The Komsomol provided great assistance to the Party in educating the personnel of the Air Force in the spirit of Soviet patriotism and the impeccable performance of their military duty in these years. As you know, on January 25, 1931, the IX Congress of the Komsomol took patronage over the Air Force of the Workers 'and Peasants' Red Army. Taking patronage, the IX Congress appealed to all Soviet youth with an appeal to tirelessly strengthen the combat might of our state. A battle cry resounded throughout the country: "Komsomolets - on the plane!" The Soviet youth responded to this call of a combat assistant of the Communist Party by mass entry into flying clubs, aviation schools, combat units of the Air Force and the aviation industry. To these cadres who are boundlessly devoted to the cause of communism, ready at any moment to defend our Motherland with their breasts, the Soviet people handed over first-class aviation equipment, which our aviation industry produced in ever-increasing quantities from year to year.

Mastering aviation technology means not only an impeccable knowledge of the material part of the aircraft, the engine and its equipment, but also piloting skills, as well as the ability to effectively use this equipment in combat. Soviet pilots solved all these issues very successfully.

Suffice it to recall at least such facts. At the end of 1930, a flight of serial Soviet R-5 aircraft took part in a competition in Tehran. Soviet pilots, who took part in an international competition for the first time, won. They showed the high skill of piloting and demonstrated the complete superiority of Soviet aviation technology over foreign ones. Soviet pilots were the only ones among the participants in the competition who flew serial aircraft with full combat equipment and fulfilled all the competition conditions by a large margin.

A special place in the activities of Soviet pilots is occupied by the further development of the foundations of higher and complex aerobatics. In the early 1930s, fighter pilot A.F. Anisimov gained great fame among the flight personnel of Soviet aviation. He earned universal prestige and was known for his creative search for new aircraft evolutions necessary in air combat, as well as for his unsurpassed master of aerobatics.

The experience of advanced Soviet pilots was quickly introduced into the combat training of the entire flight crew of aviation.

The work of the communist pilot V. A. Stepanchonok, who first performed an inverted spin, substantiating the pattern of aircraft behavior when performing this figure, also gained great fame at that time. Being an unsurpassed master of non-motorized flight, he not only developed a methodology for teaching glider flights, but also substantiated the possibility of towing several gliders by aircraft, organizing glider trains necessary for transporting military equipment and landing troops.

One of the most popular and beloved pilots in the country was V.P. Chkalov. His name is inextricably linked with the development of Soviet aviation, with the growth of the skill of its flight personnel.

V.P. Chkalov mastered the piloting technique with exceptional virtuosity. The basis of the aerobatics performed by him was an accurate knowledge of aerodynamics and a detailed study of the properties of the aircraft. substantiated and practically proved the possibility of performing a number of new aerobatics. These primarily include: inverted flight (i.e., the flight of the pilot upside down), quadruple roll (i.e., four rolls in a continuous sequence), dive exit and climb in inverted flight, upward spin and other figures.
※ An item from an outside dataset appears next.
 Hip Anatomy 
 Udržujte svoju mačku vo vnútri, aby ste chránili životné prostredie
Improvements in piloting technique achieved by V. P. Chkalov played an extremely important role in the further development of aviation, in the successful mastering of new technology and in its skillful application in air combat. He significantly expanded the possibilities of combat use of fighter aircraft.
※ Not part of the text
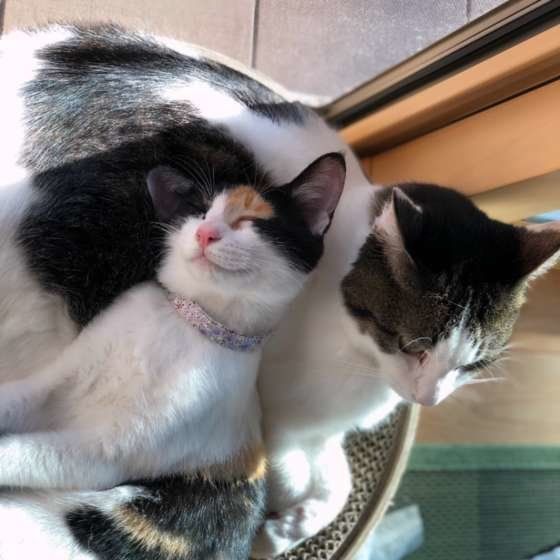  雅(みやび) ちゃん MIX　ミケ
Along with the improvement of air combat methods, Soviet pilots achieved group flight, the ability to fly at high altitudes. In this regard, the high-altitude flights of Soviet pilots, which they carried out in those years, are characteristic.

One of these flights at an altitude of over 5000 meters as part of a large group of aircraft was carried out in 1932 on the route Moscow - Kharkov and back. The flight showed that Soviet pilots can successfully solve combat missions at high altitudes. At the same time, Soviet pilots were looking for new ways to combat the use of other types of aviation.
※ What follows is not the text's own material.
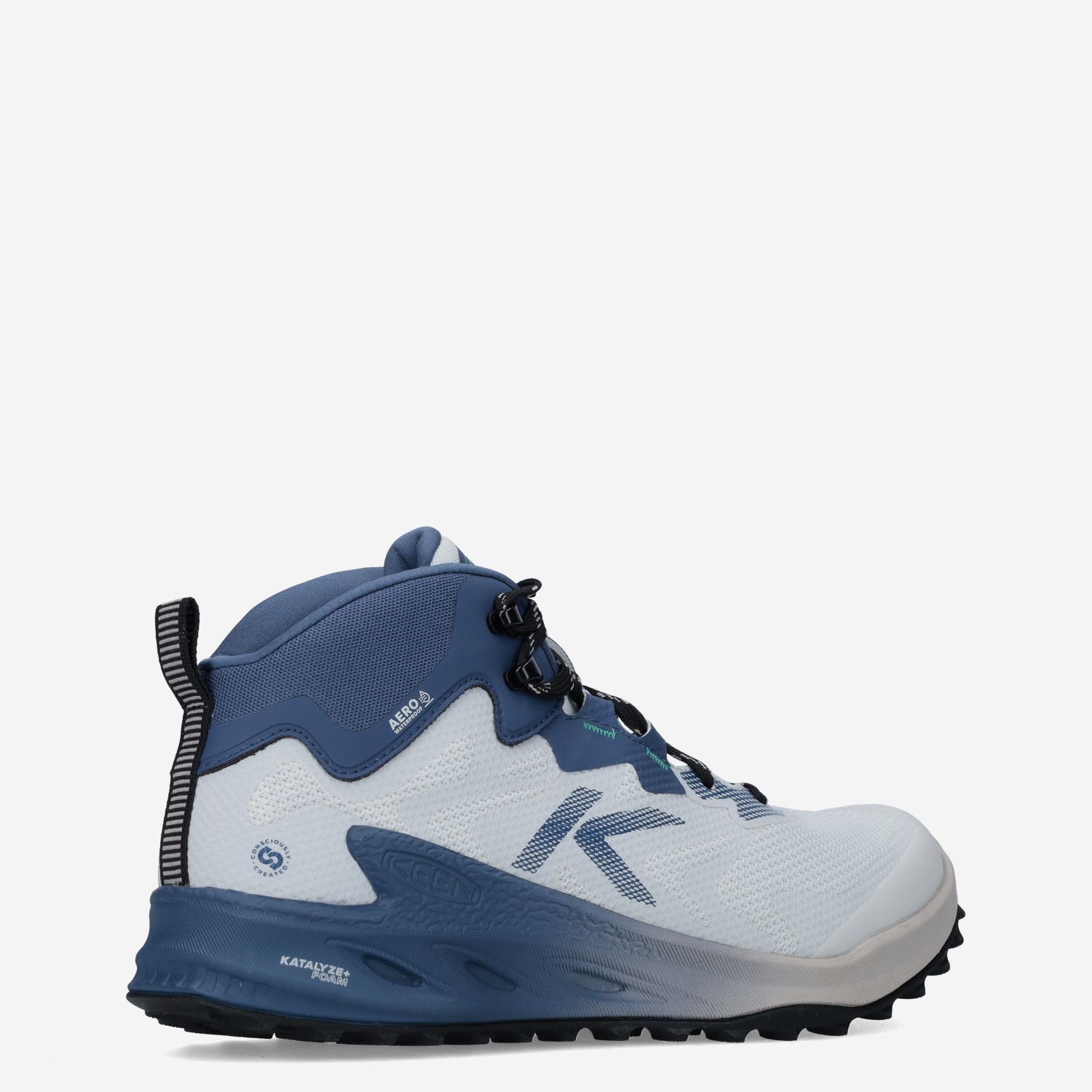 Zionic - Afbeelding 2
On April 28, 1933, in commemoration of the successes achieved in the development of aviation and in connection with the fifteenth anniversary of the organization of the Red Air Fleet, the Soviet government established an annual holiday: the Day of the Air Fleet of the USSR.

Already on the first celebration of the Day of the Air Fleet of the USSR, Soviet pilots showed their mastery of aviation technology. They demonstrated the ability to fly in large groups, to carry out paratroop landings.

Soviet military science, the art of war, and the theory and practice of the combat use of aviation were developed on the new technical basis.

Soviet military thought, correctly perceiving the experience of past wars, for the first time in the world pointed out the ways of developing the armed forces, including aviation, in the conditions of the machine period, the war of engines.

The growth and qualitative improvement of Soviet aviation determined the further development of interaction with all branches of the armed forces as the main issue in the theory of the combat use of aviation. The solution of this problem depended primarily on a correct understanding of the tasks that could be entrusted to aviation in a future war.

Soviet scientists made a great contribution to the further development of the aviation sciences. They subordinated all their scientific research to the interests of building powerful Soviet aviation.

The aerodynamic qualities of aircraft have been systematically improved. First, the struts and stretch marks were removed, then the fuselage was rounded, aircraft with retractable landing gear appeared, with a covered engine and smooth wing skin, and much more, which significantly improved the flight performance of the machines. All this was prepared by the scientific research of Soviet scientists.

At the same time, Soviet scientists also developed new problems on which the further development of aviation depended. In 1933, S. A. Chaplygin, in his work “On the General Theory of the Monoplane Wing”, generalizing his many years of experience in the field of wing theory, studied in detail the stability of the wing. In this work, he discovered the so-called parabola of metacenters, introduced the concept of wing focus, which underlies modern methods for calculating the longitudinal stability of an aircraft.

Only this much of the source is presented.